Ibnu Jarir mengatakan, telah menceritakan kepada kami Ibnu Waki', telah mencerita-kan kepada kami Zaid ibnul Habbab, dan telah menceritakan kepada kami Ibnu Humaid, telah menceritakan kepada kami Mahran; keduanya meriwayatkan hadis ini, tetapi lafaznya dari Ibnu Waki', dari Musa ibnu Ubaidah, telah menceritakan kepadaku Muhammad ibnu Tahla, dari Abu Saiamah, dari Aisyah Radhiyallahu Anhu yang menceritakan bahwa aku pernah mempersiapkan tikar hamparan untuk tempat salat Rasulullah Shallallahu'alaihi Wasallam di malam hari. Orang-orang (para sahabat) mengintipnya dan mereka berkerumun mendengarkannya. Maka Nabi Shallallahu'alaihi Wasallam Keluar seperti orang yang sedang marah, padahal beliau sayang kepada mereka. Beliau merasa khawatir bila qiyamul lail difardukan atas mereka, maka beliau bersabda:

«أَيُّهَا النَّاسُ اكْلَفُوا مِنَ الْأَعْمَالِ مَا تُطِيقُونَ فَإِنَّ اللَّهَ لَا يَمَلُّ مِنَ الثَّوَابِ حَتَّى تَمَلُّوا مِنَ الْعَمَلِ وَخَيْرُ الْأَعْمَالِ مَا دِيمَ عَلَيْهِ»

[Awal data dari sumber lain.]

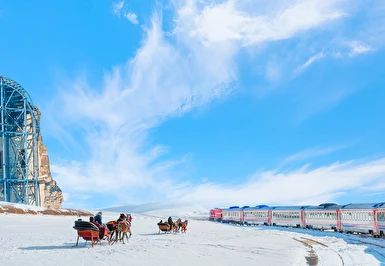 Yılbaşı Özel Turistik Doğu Ekspresi ile Kars Erzurum Turu / 1 Gece Otel 2 Gece Tren Konaklaması (Kars - Ankara Yönü)
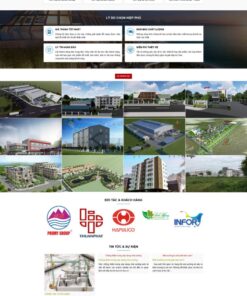 Theme wordpress xây dựng 1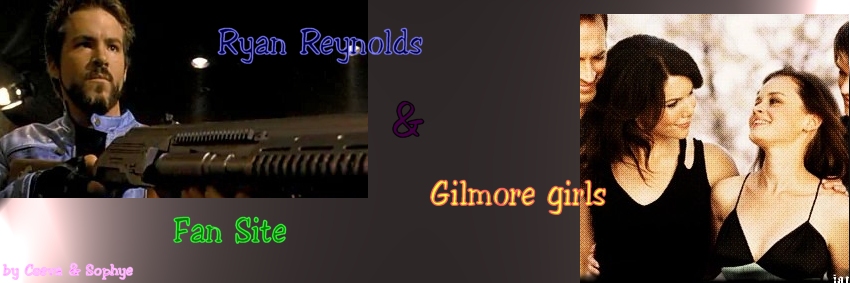 Ryan Reynolds and Gilmore Girls Fan Site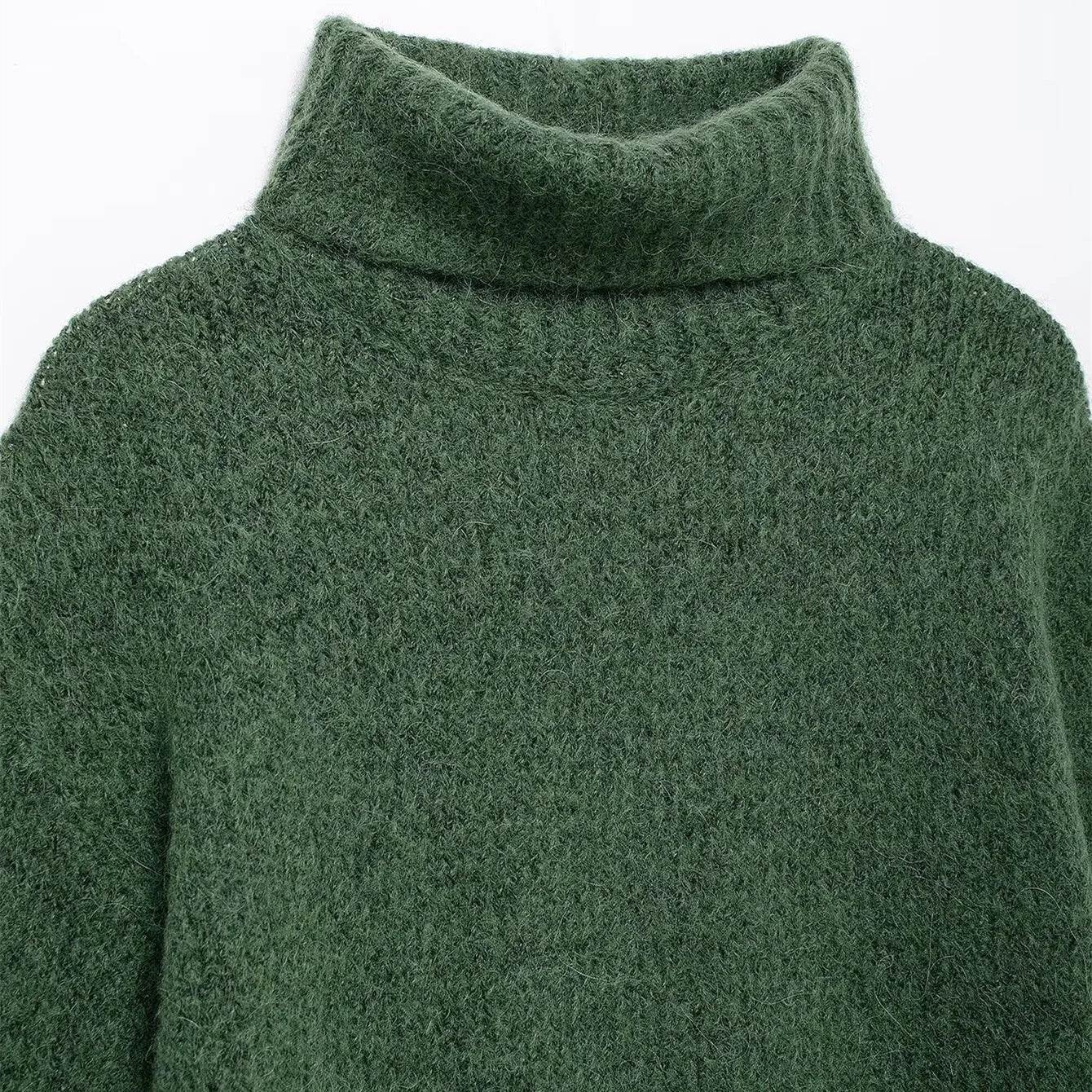 Knitted Soft Long-Sleeved Chic Sweater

Hai manusia, kerjakanlah dari amal-amal ibadah yang sesuai dengan kamampuan kalian. Karena sesungguhnya Allah tidak pernah merasa bosan dalam memberi pahala, hingga kalian sendirilah yang bosan dalam beramal. Dan sebaik-baik amal ialah yang paling tetap pengamalannya.

Dan turunlah firman Allah Subhanahu wa Ta'ala:

{يَا أَيُّهَا الْمُزَّمِّلُ قُمِ اللَّيْلَ إِلا قَلِيلا نِصْفَهُ أَوِ انْقُصْ مِنْهُ قَلِيلا أَوْ زِدْ عَلَيْهِ}

Hai orang yang berselimut (Muhammad), bangunlah (untuk salat) di malam hari, kecuali sedikit (darinya), (yaitu) seperduanya atau kurangilah dari seperdua itu sedikit, atau lebih dari seperdua itu. (Al-Muzzammil: 1-4)

Hingga tersebutlah ada seseorang yang terpaksa mengikat dirinya dengan tambang, lalu bergantung padanya (agar tetap dalam keadaan bangun). Mereka jalani masa itu selama delapan bulan, maka Allah melihat keinginan mereka dalam meraih rida-Nya. Akhirnya Allah mengasihani mereka dan mengembalikan mereka kepada salat fardu saja serta tidak lagi mewajibkan qiyamul lail.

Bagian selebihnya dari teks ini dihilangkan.